● What you need to do:
Keep every word of the listing and reproduce it exactly, but set aside any image found there.
---------- Material provided ----------
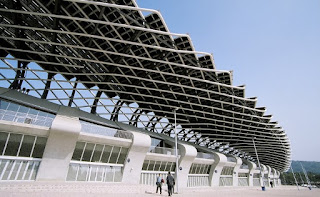 Solar stadium in taiwan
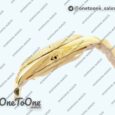 Реплика часов Rolex Day Date 40mm Yellow gold Top-tier Копия один в один Roman Marker Green Dial Yellow gold Bracelet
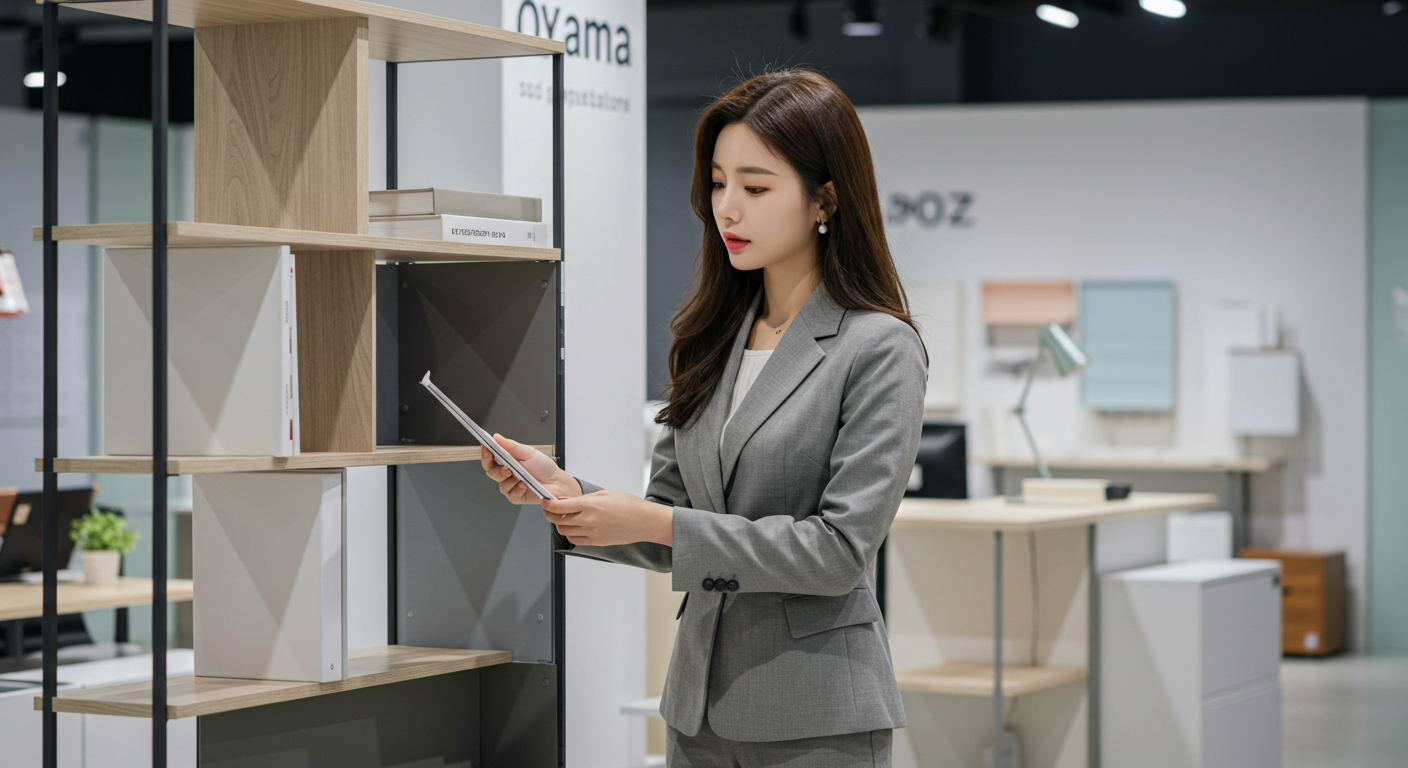 사무용 책상 1600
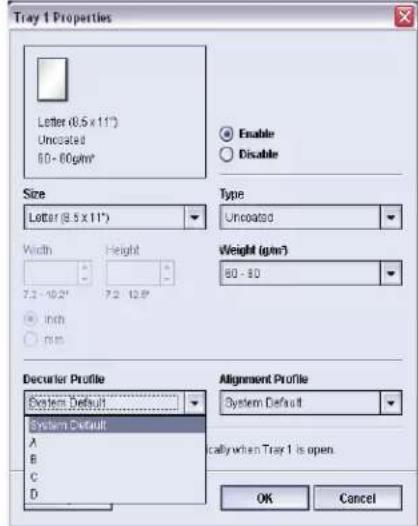 XEROX DocuColor 5000AP - Decurler Profile - 3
----------
● Worked solution:
 Solar stadium in taiwan
 Реплика часов Rolex Day Date 40mm Yellow gold Top-tier Копия один в один Roman Marker Green Dial Yellow gold Bracelet
 사무용 책상 1600
 XEROX DocuColor 5000AP - Decurler Profile - 3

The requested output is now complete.